The parent company in 2008 gave a loan facility to the subsidiary to support its operations. However, interest on the loan from 2009 to 2019 came to $8,000,000 after applying a thin capitalisation rule in taxation. As a result, the total amount was accrued by Yelbateng Ghana Ltd, as the company did not have money to pay the interest as agreed in the loan contract.

The total amount of the loan was $20 million. In the year 2020, the Board took a decision to relief the subsidiary of the loan obligation, meaning the loan with its interest was not going to be repaid by the subsidiary.

Required:

You have been invited as a final level candidate to advise the company on the tax implication of this arrangement. (6 marks)

The loan from the parent company to a subsidiary shall be subject to the thin capitalisation rule.
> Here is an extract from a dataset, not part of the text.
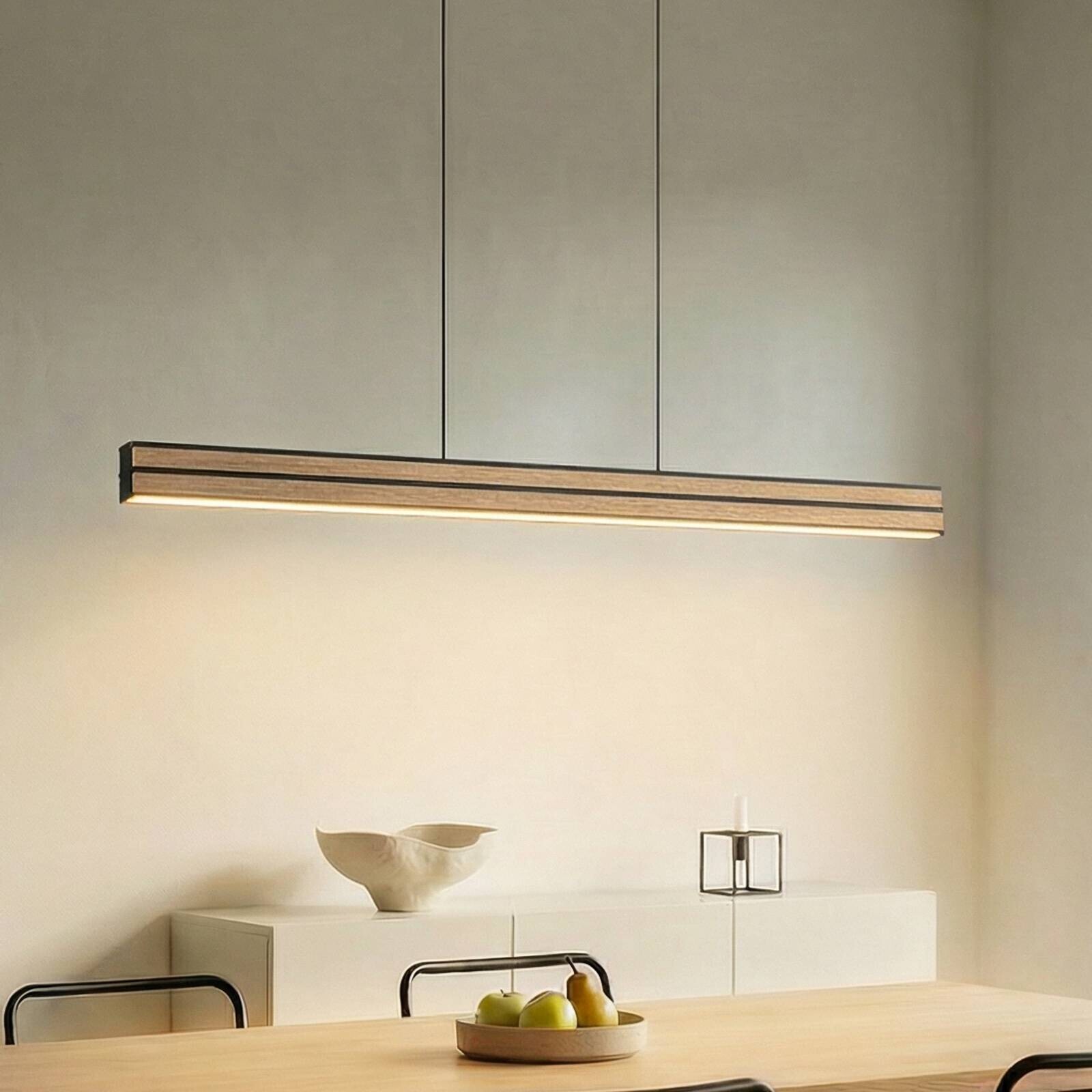 LED závesné svietidlo Quitani Lisene, dub/čierna, CCT 117 cm, stmievateľné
The interest on the loan is tax deductible provided it is within the thin capitalisation rule.

With the accumulated interest of $8,000,000 and a loan amount of $20 million forgiven by the parent company, both become income in the books of Yelbateng Ghana limited and therefore taxable.

Tax implication

The withholding tax on the amount of interest on the loan shall be deducted and paid to the Ghana Revenue Authority in line with the tax provision.

Additionally, the amount of $800,000 forgiven and the loan of $20 million shall be treated as income in the company’s books for tax purposes.